++++ Data records

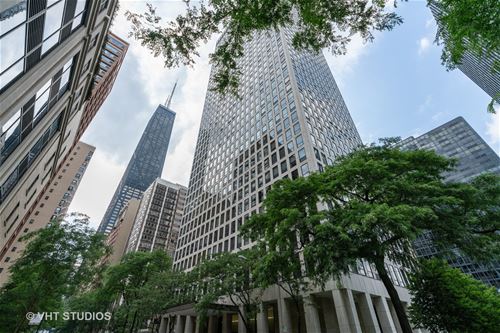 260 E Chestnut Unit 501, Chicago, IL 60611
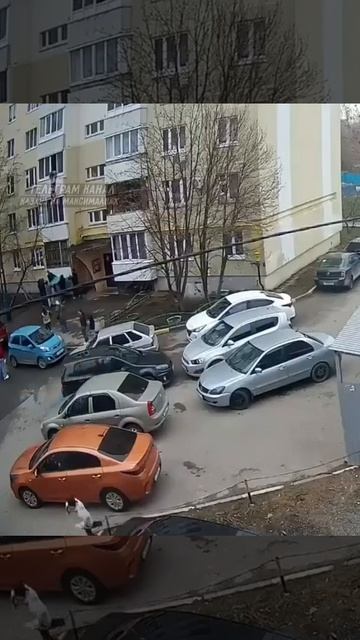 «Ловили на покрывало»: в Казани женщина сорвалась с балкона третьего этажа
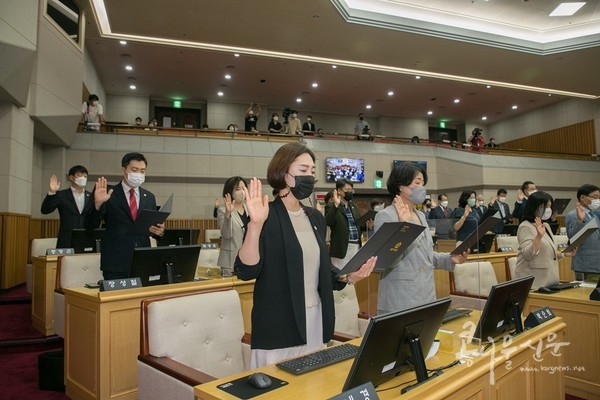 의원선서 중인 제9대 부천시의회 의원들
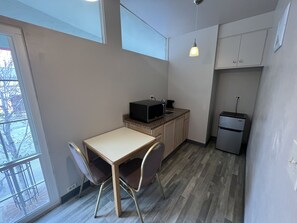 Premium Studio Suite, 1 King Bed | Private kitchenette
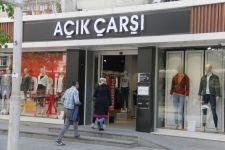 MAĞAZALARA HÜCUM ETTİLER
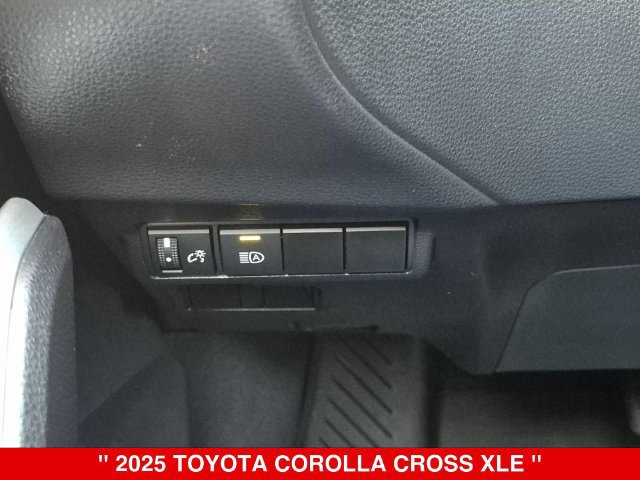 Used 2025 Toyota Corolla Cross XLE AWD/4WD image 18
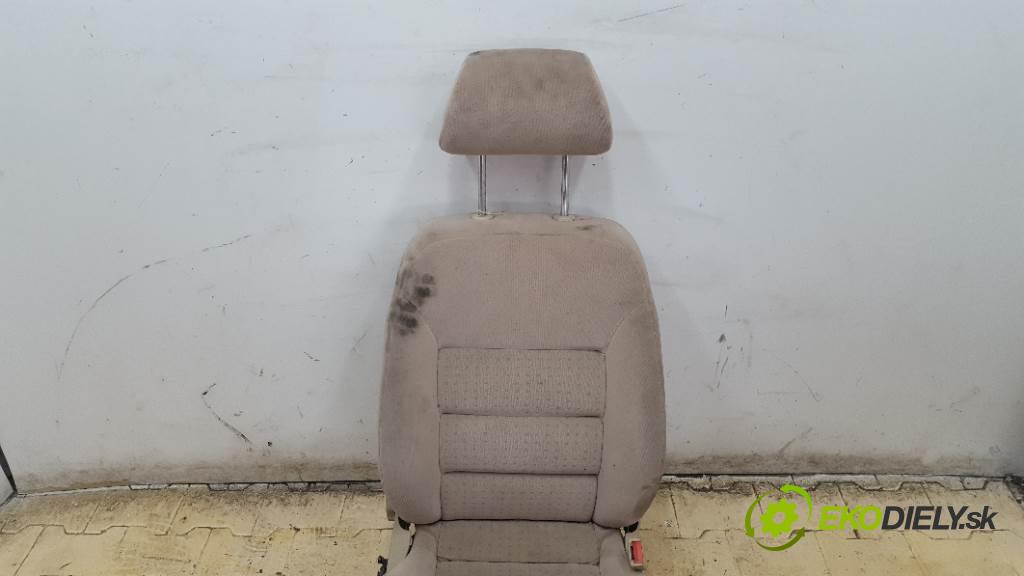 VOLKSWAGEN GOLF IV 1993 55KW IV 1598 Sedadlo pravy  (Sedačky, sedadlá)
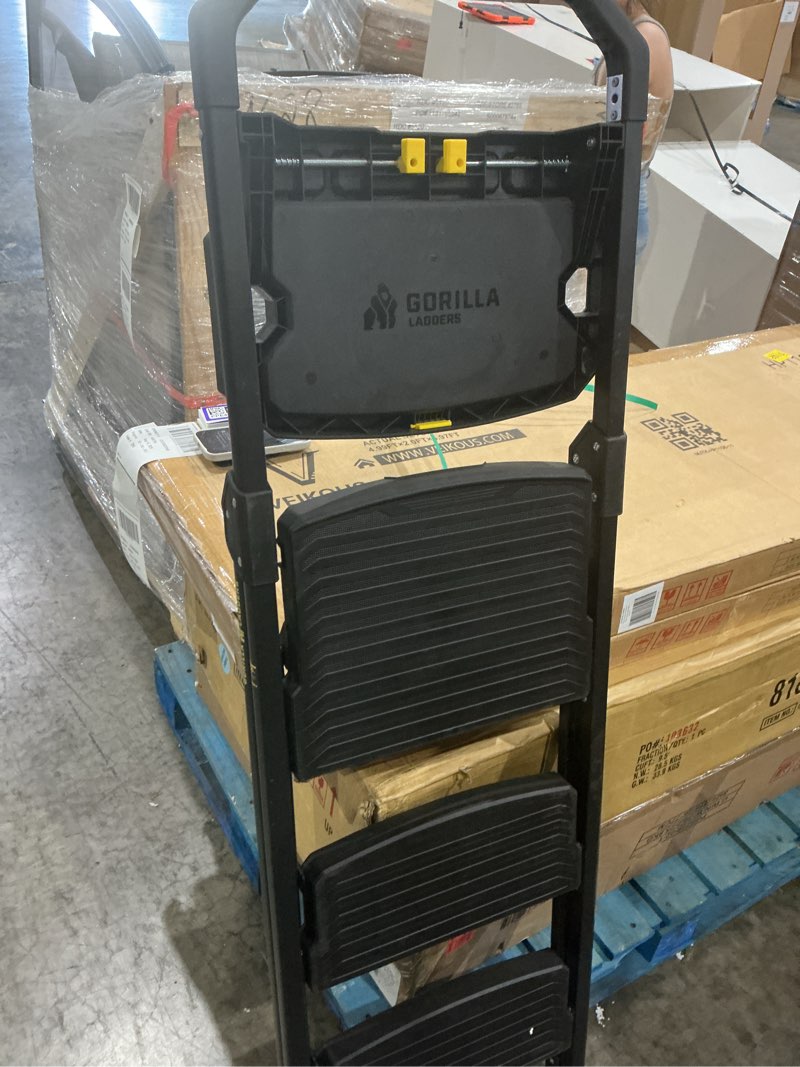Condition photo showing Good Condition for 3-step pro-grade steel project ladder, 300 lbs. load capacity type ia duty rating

++++++++

**Assigned task:**
Please retype the lines from the one that contains "VOLKSWAGEN GOLF IV" to the final line of the records, both included, exactly as written and without any pictures.

**Finished task:**
 VOLKSWAGEN GOLF IV 1993 55KW IV 1598 Sedadlo pravy  (Sedačky, sedadlá)
Condition photo showing Good Condition for 3-step pro-grade steel project ladder, 300 lbs. load capacity type ia duty rating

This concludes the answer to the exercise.